Quote:
Originally Posted by Perkin
The first will strip them completely, the second would turn them into self-closing tags, which you could then catch later, with your 'if equals...'
I'm trying to think if there's any tags which this would strip, that you shouldn't strip.
Are there any?
|
The first would strip out all self-closing tags, including images...which is bad. Removing all elements without content could also be bad; the HEAD element must contain a TITLE, but the TITLE can be empty. The second looks promising, but I'm leery of the referencing and some of the matching seems to be off. I think this might be closer:
Code:
html_text = re.sub(r'<(\S+)([^>]*?)></\1>', r'<\1\2/>', html_text)
html_text = re.sub(r'<([^>]*?)(\s+?)/>', r'<\1/>', html_text)

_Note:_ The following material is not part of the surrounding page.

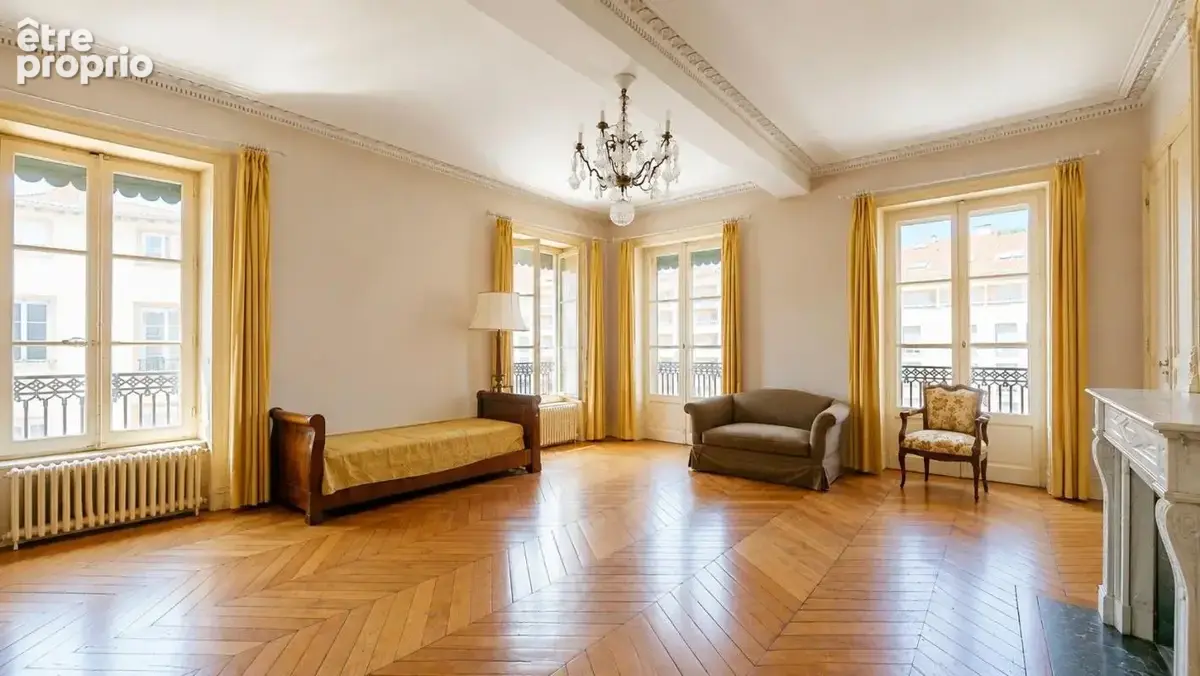 Saint-Just – Grand appartement familial de 193 m² à rénover - photo 5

html_text = re.sub(r'<(b|i|u|a|span)/>', r'', html_text)
That is, "find a tag that starts with at least one non-space character and may contain more than that, immediately followed by its closing tag" and do the replacement. The second line should delete any whitespace immediately before the '/>' mark - thus making it possible to search for and remove attributeless self-closed elements with the third line. Those would go right at the beginning of strip_span_for_page(), somewhere before the re.split line.
I think <a/>, <b/>, <i/>, <u/>, and <span/> should cover it; can anyone think of any other empty tags that would need to be stripped out?